Once more I tried from yet another stock
the pliant stem to tear, and to explore
the mystery within,—but yet again
the foul bark oozed with clots of blackest gore!
From my deep-shaken soul I made a prayer
to all the woodland nymphs and to divine
Gradivus, patron of the Thracian plain,
to bless this sight, to lift its curse away.
But when at a third sheaf of myrtle spears
I fell upon my knees, and tugged amain
against the adverse ground (I dread to tell!),
a moaning and a wail from that deep grave
burst forth and murmured in my listening ear:
“Why wound me, great Aeneas, in my woe?
O, spare the dead, nor let thy holy hands
do sacrilege and sin!
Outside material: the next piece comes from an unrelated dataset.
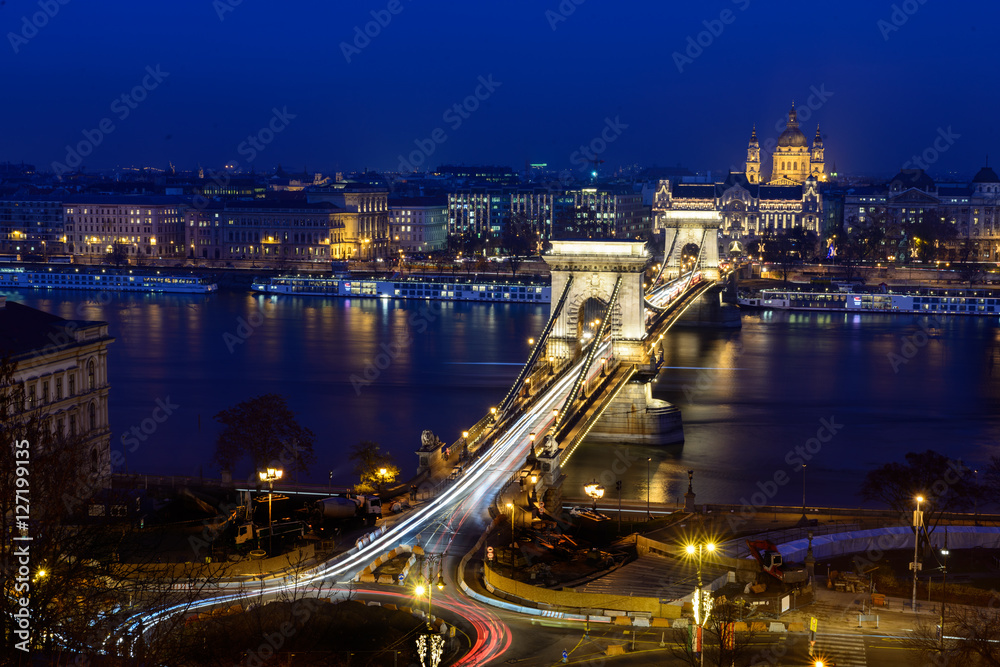 Fototapeta premium Chain bridge in budapest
I, Trojan-born,
was kin of thine. This blood is not of trees.
Haste from this murderous shore, this land of greed.
O, I am Polydorus! Haste away!
Here was I pierced; a crop of iron spears
has grown up o'er my breast, and multiplied
to all these deadly javelins, keen and strong.”
Then stood I, burdened with dark doubt and fear
I quailed, my hair rose and my utterance choked.